Alasannya adalah, dengan dicabutnya laporan tersebut, si perempuan dianggap bisa melanggengkan tindakan KDRT dan ditakutkan akan membuat para pelaku KDRT semakin bebas sementara para korban semakin ragu ketika hendak melakukan pelaporan. 

Dukungan terhadap si perempuan pun berbalik arah menjadi pernyataan-pernyataan yang beraroma kekecewaan. Si perempuan yang sebelumnya dianggap pemberani, kini dihujat dan disebut "labil". Publik yang tadinya mengelu-elukan si perempuan atas keberanian tindakannya, kini kesal dan kecewa serta menganggapnya lemah hati terhadap si lelaki yang berwajah ganteng tersebut. 

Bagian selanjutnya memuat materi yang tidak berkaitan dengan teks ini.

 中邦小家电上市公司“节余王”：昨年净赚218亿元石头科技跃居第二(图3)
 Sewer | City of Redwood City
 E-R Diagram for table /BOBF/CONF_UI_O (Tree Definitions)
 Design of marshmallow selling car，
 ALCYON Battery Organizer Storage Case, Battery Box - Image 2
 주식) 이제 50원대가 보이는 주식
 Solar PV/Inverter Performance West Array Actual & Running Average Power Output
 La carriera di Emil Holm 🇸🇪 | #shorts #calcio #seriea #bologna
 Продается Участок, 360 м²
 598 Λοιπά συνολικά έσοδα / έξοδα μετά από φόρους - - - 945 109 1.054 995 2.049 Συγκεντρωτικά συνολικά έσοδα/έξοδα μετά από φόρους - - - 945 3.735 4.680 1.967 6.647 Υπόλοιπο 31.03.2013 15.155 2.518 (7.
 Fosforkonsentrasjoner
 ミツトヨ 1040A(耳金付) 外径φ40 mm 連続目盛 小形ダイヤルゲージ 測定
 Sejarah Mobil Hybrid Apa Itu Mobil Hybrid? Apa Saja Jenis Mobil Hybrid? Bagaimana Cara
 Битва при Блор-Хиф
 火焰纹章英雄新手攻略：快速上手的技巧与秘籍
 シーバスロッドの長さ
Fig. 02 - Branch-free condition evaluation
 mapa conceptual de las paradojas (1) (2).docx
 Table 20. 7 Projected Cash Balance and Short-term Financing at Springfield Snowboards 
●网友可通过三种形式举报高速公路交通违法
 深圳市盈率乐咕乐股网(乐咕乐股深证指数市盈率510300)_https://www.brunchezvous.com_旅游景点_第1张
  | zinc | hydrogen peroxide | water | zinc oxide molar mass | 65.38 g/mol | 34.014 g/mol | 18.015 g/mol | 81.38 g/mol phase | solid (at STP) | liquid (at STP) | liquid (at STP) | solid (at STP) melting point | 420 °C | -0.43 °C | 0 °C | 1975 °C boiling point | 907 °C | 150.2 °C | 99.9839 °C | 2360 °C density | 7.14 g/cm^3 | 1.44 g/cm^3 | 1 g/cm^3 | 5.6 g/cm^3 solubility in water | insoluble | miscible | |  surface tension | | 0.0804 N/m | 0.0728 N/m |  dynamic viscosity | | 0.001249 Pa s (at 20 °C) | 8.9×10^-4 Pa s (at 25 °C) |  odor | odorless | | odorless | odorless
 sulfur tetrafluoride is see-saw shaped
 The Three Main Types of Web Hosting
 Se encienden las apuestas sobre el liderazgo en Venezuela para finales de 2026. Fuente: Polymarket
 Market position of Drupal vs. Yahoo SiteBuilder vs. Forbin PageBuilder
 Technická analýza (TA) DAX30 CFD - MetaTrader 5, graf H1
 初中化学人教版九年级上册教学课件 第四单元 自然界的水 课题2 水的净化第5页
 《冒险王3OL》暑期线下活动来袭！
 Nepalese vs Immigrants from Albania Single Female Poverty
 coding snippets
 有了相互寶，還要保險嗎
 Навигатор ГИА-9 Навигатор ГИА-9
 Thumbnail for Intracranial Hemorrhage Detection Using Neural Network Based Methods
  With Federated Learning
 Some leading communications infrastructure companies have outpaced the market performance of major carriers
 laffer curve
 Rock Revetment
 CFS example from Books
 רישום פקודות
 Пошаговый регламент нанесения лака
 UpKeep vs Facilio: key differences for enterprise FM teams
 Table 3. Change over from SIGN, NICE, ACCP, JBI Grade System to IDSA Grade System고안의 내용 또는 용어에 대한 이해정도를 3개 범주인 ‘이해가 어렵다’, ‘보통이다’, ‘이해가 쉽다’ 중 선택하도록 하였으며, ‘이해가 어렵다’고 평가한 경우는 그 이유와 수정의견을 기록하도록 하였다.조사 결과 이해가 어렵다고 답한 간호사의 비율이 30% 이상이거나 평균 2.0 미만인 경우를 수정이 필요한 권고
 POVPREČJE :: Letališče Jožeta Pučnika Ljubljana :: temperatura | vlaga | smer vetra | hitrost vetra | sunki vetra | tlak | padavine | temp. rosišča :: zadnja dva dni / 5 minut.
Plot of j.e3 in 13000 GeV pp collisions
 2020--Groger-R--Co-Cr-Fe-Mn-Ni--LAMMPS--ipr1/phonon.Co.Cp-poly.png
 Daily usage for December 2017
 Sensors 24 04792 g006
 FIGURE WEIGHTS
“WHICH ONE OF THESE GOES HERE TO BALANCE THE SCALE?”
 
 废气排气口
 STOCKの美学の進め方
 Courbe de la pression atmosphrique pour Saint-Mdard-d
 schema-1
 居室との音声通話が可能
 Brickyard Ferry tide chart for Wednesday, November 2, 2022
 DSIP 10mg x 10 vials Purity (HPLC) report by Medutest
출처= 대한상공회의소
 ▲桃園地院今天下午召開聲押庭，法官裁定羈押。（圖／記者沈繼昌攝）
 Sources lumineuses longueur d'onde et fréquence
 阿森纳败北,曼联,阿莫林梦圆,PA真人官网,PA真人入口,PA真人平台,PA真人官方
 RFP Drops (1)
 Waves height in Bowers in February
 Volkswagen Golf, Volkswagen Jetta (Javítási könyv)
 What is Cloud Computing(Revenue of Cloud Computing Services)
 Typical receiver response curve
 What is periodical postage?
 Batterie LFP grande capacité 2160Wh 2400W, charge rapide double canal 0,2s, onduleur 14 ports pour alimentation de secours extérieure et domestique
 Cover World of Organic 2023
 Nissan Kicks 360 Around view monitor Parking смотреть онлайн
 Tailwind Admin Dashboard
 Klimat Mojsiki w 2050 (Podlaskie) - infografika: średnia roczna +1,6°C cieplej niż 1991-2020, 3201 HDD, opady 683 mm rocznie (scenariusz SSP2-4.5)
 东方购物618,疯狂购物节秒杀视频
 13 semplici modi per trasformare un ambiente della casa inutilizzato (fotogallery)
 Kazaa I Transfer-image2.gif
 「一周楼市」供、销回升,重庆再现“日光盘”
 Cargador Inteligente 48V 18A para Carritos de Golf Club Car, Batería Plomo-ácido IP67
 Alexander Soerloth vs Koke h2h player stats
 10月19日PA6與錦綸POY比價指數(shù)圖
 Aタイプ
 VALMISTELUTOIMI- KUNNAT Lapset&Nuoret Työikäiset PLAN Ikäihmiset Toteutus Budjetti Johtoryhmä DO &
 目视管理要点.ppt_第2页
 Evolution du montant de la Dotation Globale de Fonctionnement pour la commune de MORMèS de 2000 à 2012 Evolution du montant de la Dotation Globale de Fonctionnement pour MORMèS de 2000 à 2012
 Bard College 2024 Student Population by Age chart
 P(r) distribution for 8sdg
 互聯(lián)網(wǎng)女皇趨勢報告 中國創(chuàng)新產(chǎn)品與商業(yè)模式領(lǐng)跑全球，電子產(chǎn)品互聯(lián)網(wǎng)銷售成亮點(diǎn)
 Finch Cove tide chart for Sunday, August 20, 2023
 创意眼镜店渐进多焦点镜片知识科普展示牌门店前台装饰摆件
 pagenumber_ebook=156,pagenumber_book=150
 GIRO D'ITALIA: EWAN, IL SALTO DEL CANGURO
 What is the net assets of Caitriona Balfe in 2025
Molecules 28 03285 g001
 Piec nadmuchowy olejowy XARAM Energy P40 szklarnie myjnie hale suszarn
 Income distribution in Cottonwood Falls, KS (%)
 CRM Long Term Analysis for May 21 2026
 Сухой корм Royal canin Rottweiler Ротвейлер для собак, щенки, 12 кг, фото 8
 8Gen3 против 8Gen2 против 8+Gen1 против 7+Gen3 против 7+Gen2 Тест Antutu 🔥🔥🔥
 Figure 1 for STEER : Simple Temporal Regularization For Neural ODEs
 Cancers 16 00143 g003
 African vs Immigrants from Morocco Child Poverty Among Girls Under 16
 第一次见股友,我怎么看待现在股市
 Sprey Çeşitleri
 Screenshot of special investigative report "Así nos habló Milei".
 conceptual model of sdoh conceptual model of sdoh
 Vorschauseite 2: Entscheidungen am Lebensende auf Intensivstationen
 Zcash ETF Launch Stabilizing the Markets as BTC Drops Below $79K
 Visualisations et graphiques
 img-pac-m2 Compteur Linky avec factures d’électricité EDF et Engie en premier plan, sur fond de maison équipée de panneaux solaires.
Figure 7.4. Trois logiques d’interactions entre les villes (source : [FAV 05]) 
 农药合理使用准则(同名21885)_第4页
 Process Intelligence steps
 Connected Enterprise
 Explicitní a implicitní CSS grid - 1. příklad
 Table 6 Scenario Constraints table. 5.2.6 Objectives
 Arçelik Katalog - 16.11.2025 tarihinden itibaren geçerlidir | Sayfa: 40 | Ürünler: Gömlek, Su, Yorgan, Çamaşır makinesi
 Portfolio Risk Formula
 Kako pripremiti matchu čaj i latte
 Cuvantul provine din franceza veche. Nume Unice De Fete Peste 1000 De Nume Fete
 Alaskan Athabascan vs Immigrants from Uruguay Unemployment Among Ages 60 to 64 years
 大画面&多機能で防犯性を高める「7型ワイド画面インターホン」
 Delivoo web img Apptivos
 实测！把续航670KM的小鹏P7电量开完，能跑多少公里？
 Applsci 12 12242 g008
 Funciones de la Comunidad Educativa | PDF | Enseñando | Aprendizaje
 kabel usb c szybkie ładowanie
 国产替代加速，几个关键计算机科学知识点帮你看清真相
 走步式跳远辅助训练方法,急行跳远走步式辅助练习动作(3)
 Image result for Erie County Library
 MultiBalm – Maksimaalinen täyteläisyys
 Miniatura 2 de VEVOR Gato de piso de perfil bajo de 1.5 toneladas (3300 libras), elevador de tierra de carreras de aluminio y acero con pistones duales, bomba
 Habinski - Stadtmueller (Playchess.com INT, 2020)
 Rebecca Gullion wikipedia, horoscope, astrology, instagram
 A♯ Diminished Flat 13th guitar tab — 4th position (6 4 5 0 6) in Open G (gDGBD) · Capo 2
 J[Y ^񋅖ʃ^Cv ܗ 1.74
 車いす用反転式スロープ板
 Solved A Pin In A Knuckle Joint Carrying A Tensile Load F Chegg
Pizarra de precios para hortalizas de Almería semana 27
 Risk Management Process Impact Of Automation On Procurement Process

Kasus ini adalah contoh klasik bagaimana rumitnya proses pendampingan untuk korban KDRT. Banyak tantangan yang harus dihadapi oleh para pendamping kasus KDRT ketika korban berubah pikiran. 

Mungkin memang sedikit mengecewakan, namun kita tidak pernah benar-benar tahu, bagaimana proses negosiasi yang dijalani oleh pihak perempuan hingga akhirnya membuahkan keputusan untuk rujuk dan mencabut laporannya. Bisa saja mereka rujuk dengan sederet syarat dan ketentuan yang diberikan oleh pihak perempuan, yang kemudian akan menempatkan si perempuan pada posisi tawar yang jauh lebih baik. 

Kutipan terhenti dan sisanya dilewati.